La capitale du Bornou est composée de deux villes, entourées de murailles distinctes : l’une, habitée par les gens riches, est bien construite et renferme de vastes demeures ; l’autre est formée de ruelles étroites, où s’entassent de petites maisons. Un espace de huit cents mètres, qui sépare les deux cités, est traversé, dans toute sa longueur, par une grande artère faisant communiquer entre elles les deux parties de la ville. Cet endroit, très-populeux, offre à l’œil un mélange intéressant de grands édifices et de cases au toit de chaume, d’épaisses murailles en terre et de palissades de roseaux, variant, suivant leur âge, depuis le jaune éclatant jusqu’au noir le plus foncé.
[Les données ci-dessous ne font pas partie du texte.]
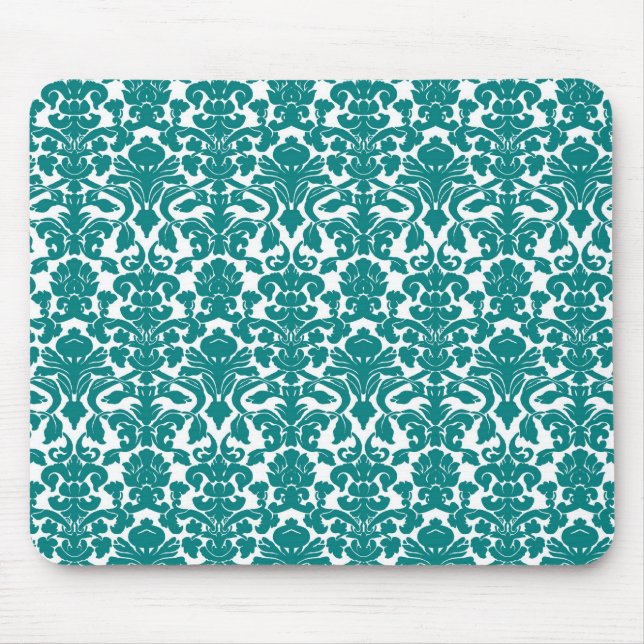 Vintage Ornate Floral Teal Damask Mousepad (Front)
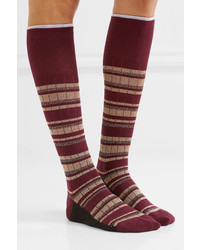 Marni Metallic Striped Cotton Blend Socks Burgundy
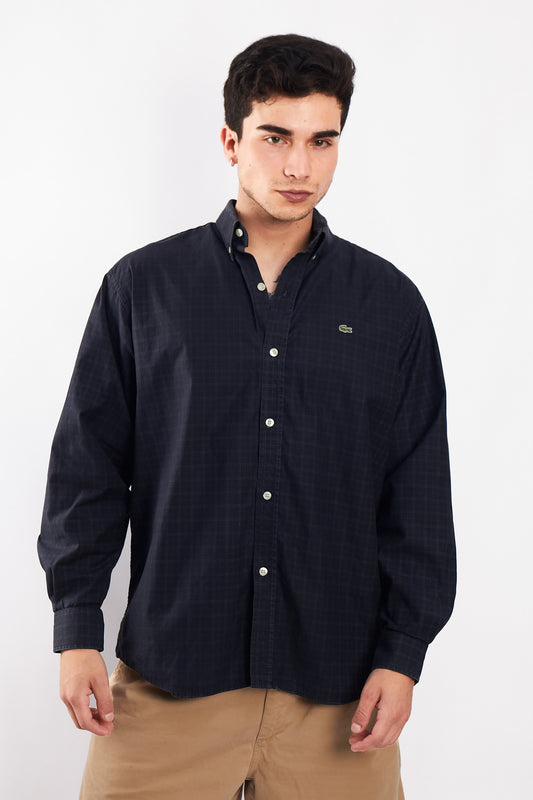 2000 Lacoste Black Plaid Shirt (M/L)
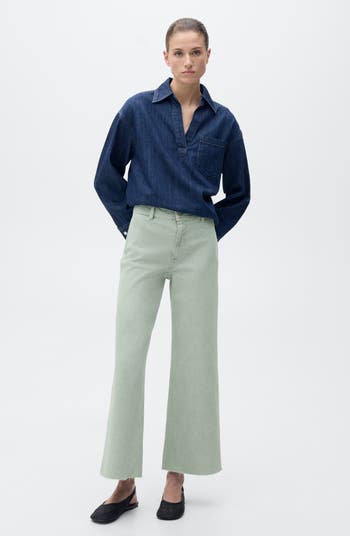Catherin Raw Hem High Waist Culotte Jeans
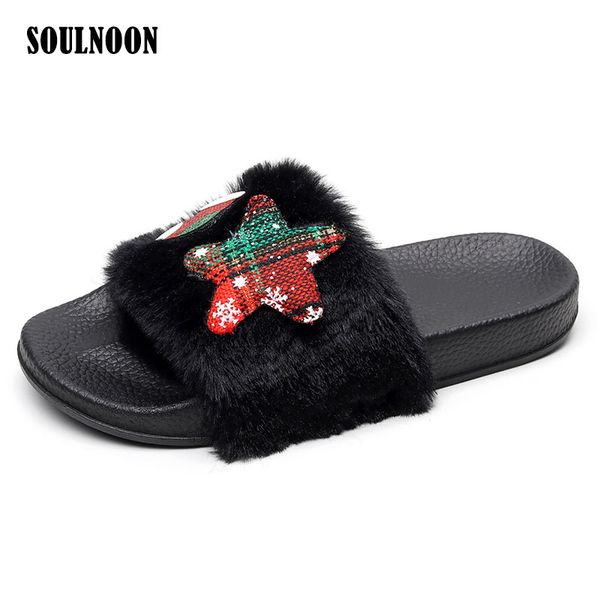 

new christmas pattern fur slippers women lovely fluffy slides black pink furry indoor slippers ladies flats non-slip flip flops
Dans la banlieue, de petits villages, des hameaux, des fermes détachées, entourées de murs. Une foire se tient chaque lundi, entre deux de ces bourgades, où l’habitant des provinces de l’est apporte, à dos de bœuf ou de chameau, son beurre et ses grains, surmontés de sa femme qui est perchée sur les sacs ; où l’Yédina, ce pirate du Tchad, qui attire les regards par ses traits délicats et sa souplesse, vient avec du poisson séché, de la viande d’hippopotame et des fouets du cuir de cet amphibie.

« Les denrées sont abondantes ; mais quel tourment et quelle fatigue pour faire ses provisions de la semaine ! Pas de numéraire : la bande de coton qui servait autrefois de monnaie a été remplacée par des cauris[2], dont mon ami El-Beshir fait hausser ou tomber le cours au gré de son humeur spéculative, et d’après les besoins de sa collection gymnologique. Le petit fermier ne con-

  1. Par ces mots, Henry Barth comprend les différentes routes suivies par les caravanes, et dont il donne l’itinéraire, la topographie des lieux dont il dresse la carte, l’histoire du pays dont il fait la chronique, enfin l’étude comparée des divers langages dont il rapporte le vocabulaire.
  2. Cyprea moneta, coquillage blanc, qui sert de monnaie courante au Bengale et dans tout le centre de l’Afrique ; il en fallait deux mille cinq cents pour valoir cinq francs, pendant que le docteur se trouvait à Kano ; il est facile d’imaginer l’embarras causé par une monnaie aussi encombrante, et la patience qu’il faut avoir pour régler un compte, lorsque la somme s’élève à quelques centaines de francs.